AVAILABLE DATA:
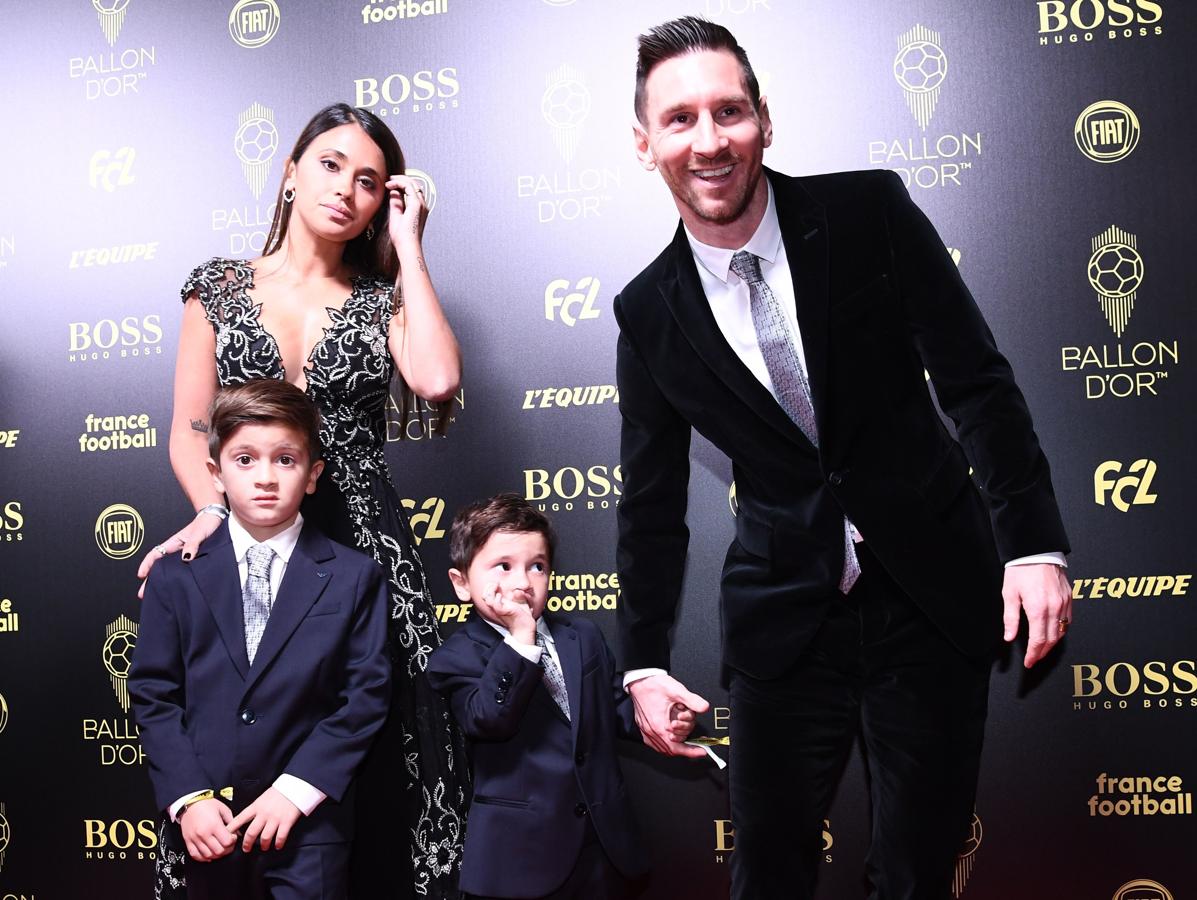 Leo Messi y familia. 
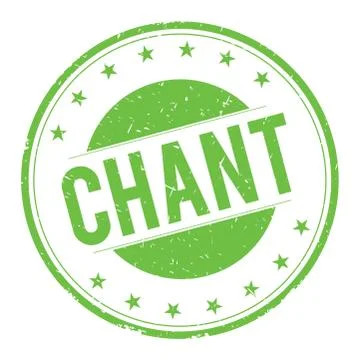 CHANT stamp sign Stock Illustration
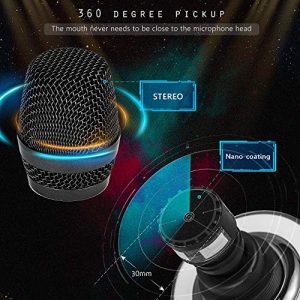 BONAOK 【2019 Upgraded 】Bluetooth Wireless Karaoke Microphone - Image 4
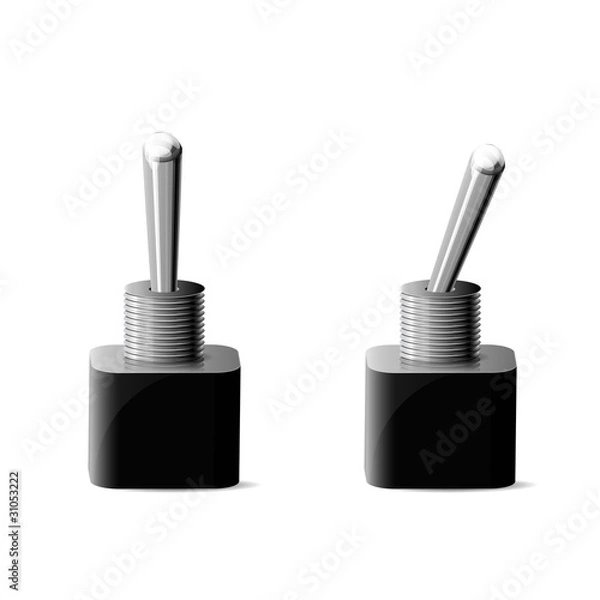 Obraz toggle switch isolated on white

WHAT TO PRODUCE: Begin at the line that contains "BONAOK 【2019 Upgraded" and transcribe exactly, and only, each line through the final line of the data above, both included; the pictures do not go in.

OUTPUT FOR THIS EXERCISE:
 BONAOK 【2019 Upgraded 】Bluetooth Wireless Karaoke Microphone - Image 4
 Obraz toggle switch isolated on white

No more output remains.